According to James Forrester from Midlands-based estate agents Barrows and Forrester, seeing up to 20 applications for each property is no longer unusual.
"There's just a severe lack of stock at the moment - it's my biggest worry...I would say at the moment that we probably get roughly between 15-20 to applications for one property...in the Midlands and the North East is very similar," he told LBC.
Ultimately, the lack of supply in the housing market is down to a large number of landlords selling up. In 2022, landlords sold around 35,000 more properties than they bought, according to Hamptons analysis.
While large rent increases can be undeniably hard for tenants, most landlords feel they don't have any other choice, James says.
"Most landlords have only got one or two properties...it's a tricky one, because we feel for landlords and tenants. But landlords are sort of left with no choice," he continued.
"Many landlords have been massively affected by rising interest rates, it makes it hard to pay their mortgage.
"[In Birmingham], there's a new stealth tax coming in, so landlords have to pay an extra £775 to register to show they are managing their property correctly. For new builds, of course it will be the same.
"They haven't really got many incentives to stay in the market.

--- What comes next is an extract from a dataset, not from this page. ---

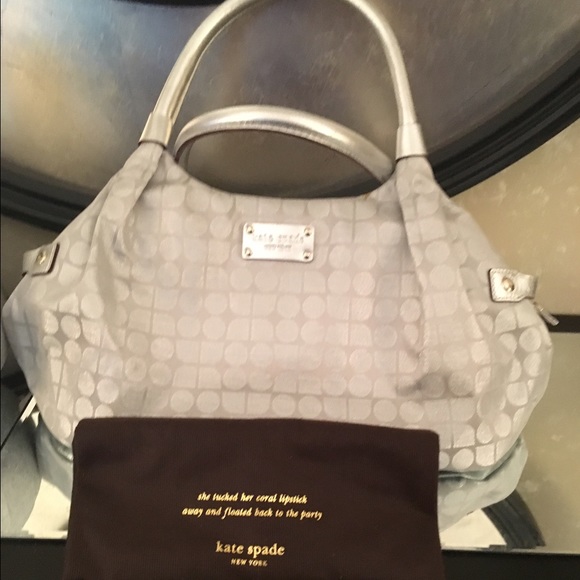 Kate Spade Silver logo used - Picture 1 of 4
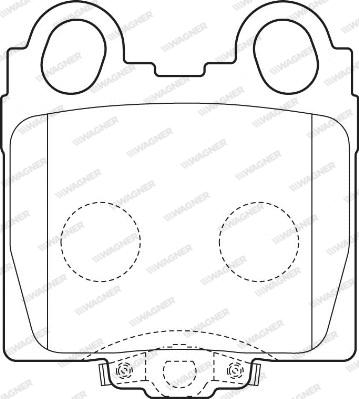 Wagner WBP23429A - Комплект спирачно феродо, дискови спирачки vvparts.bg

People are exiting, properties are being sold and of course that's giving a lack of supply."
What's the solution?
The former Levelling Up Secretary Simon Clarke said that the housing crisis "has to be a line in the sand moment for the Conservative Party", urging the government to promise to build more properties.
But the current Levelling Up Secretary Michael Gove has refused to budge amid Tory demands to build more houses if developments fall short of strict guidelines on design and infrastructure.

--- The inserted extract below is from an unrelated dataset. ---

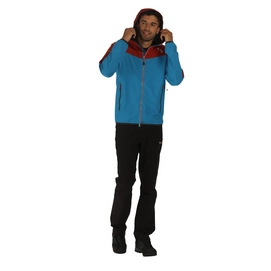 Jas Regatta Mens Imber II Hydro Blue Burnt Tikki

Meanwhile, the Labour party has vowed a number of pledges to increase house building, including building on the green belt and forcing landowners to sell at a lower price.
Whatever party gets into power at the next election, James says, the number one issue that has to be addressed is building more houses.
"They've got to have targets for the councils and they need to be strict on them," he said.
"The greenbelt idea is good, but just not in everyone's back yard...there are still brownfield sites that could be developed tomorrow if they wanted to.
"That's where they should be putting their concentration into."